* [WORK TO COMPLETE]:
Below are entries; output exactly the lines from the one with "6ft Unlit Artificial" to the one with "Vtg Disney Store", both included, and nothing else.

Records contained in a dataset:
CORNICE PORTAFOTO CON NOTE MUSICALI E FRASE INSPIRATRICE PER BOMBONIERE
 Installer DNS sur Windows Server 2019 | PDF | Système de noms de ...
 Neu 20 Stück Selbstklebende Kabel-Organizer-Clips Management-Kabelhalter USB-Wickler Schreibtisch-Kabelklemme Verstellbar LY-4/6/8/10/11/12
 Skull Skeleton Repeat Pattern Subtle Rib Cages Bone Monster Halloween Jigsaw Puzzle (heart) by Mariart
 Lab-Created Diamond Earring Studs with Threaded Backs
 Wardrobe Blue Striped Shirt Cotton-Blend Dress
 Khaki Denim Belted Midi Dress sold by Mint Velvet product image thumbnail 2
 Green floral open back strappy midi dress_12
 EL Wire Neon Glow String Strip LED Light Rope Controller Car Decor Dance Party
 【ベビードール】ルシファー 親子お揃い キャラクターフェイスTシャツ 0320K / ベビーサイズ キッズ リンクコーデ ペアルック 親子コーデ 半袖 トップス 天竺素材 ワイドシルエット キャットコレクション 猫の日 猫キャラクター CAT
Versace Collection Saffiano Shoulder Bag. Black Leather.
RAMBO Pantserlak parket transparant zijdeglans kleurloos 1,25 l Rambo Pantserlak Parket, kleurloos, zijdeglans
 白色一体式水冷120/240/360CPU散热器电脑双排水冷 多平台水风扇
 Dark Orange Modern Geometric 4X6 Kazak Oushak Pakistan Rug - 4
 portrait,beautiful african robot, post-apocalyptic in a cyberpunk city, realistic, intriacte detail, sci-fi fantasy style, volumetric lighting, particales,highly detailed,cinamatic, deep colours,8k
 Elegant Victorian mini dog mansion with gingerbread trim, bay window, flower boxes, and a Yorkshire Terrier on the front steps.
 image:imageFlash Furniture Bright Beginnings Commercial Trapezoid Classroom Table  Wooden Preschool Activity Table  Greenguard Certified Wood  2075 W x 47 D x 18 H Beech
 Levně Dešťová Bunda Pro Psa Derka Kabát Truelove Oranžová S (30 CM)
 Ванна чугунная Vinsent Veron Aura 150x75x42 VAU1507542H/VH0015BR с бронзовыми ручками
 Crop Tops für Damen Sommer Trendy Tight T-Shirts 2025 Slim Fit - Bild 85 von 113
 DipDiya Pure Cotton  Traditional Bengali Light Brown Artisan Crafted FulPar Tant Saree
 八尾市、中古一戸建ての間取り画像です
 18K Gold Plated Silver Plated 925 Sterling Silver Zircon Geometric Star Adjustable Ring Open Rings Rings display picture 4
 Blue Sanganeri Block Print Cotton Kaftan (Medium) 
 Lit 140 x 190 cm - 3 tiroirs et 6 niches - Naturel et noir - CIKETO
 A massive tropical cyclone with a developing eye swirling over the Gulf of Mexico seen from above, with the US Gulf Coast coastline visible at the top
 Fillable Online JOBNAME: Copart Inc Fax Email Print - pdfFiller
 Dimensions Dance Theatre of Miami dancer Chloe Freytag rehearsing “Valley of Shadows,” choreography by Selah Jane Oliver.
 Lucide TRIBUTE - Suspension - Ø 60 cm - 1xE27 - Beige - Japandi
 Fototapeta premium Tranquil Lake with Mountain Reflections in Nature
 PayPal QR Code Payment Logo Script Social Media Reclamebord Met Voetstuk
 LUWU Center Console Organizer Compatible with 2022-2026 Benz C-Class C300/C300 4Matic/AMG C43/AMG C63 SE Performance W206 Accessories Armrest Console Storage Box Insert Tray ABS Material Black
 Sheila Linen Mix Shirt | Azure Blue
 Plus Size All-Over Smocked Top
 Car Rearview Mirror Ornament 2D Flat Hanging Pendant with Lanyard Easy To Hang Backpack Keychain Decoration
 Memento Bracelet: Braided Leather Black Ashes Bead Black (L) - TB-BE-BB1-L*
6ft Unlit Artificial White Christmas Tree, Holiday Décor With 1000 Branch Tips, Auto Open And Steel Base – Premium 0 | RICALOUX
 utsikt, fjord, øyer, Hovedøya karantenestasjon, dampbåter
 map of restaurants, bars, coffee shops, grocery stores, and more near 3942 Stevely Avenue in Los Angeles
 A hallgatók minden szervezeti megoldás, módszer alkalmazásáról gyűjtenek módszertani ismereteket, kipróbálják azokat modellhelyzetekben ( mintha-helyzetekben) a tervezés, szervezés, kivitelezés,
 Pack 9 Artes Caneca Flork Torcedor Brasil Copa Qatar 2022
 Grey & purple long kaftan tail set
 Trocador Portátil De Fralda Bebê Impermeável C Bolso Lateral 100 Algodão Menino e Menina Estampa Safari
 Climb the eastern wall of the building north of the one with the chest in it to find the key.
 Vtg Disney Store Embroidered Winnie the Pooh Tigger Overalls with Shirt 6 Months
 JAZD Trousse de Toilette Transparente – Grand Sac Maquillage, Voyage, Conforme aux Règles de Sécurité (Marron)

* [ANSWER SECTION]:
6ft Unlit Artificial White Christmas Tree, Holiday Décor With 1000 Branch Tips, Auto Open And Steel Base – Premium 0 | RICALOUX
 utsikt, fjord, øyer, Hovedøya karantenestasjon, dampbåter
 map of restaurants, bars, coffee shops, grocery stores, and more near 3942 Stevely Avenue in Los Angeles
 A hallgatók minden szervezeti megoldás, módszer alkalmazásáról gyűjtenek módszertani ismereteket, kipróbálják azokat modellhelyzetekben ( mintha-helyzetekben) a tervezés, szervezés, kivitelezés,
 Pack 9 Artes Caneca Flork Torcedor Brasil Copa Qatar 2022
 Grey & purple long kaftan tail set
 Trocador Portátil De Fralda Bebê Impermeável C Bolso Lateral 100 Algodão Menino e Menina Estampa Safari
 Climb the eastern wall of the building north of the one with the chest in it to find the key.
 Vtg Disney Store Embroidered Winnie the Pooh Tigger Overalls with Shirt 6 Months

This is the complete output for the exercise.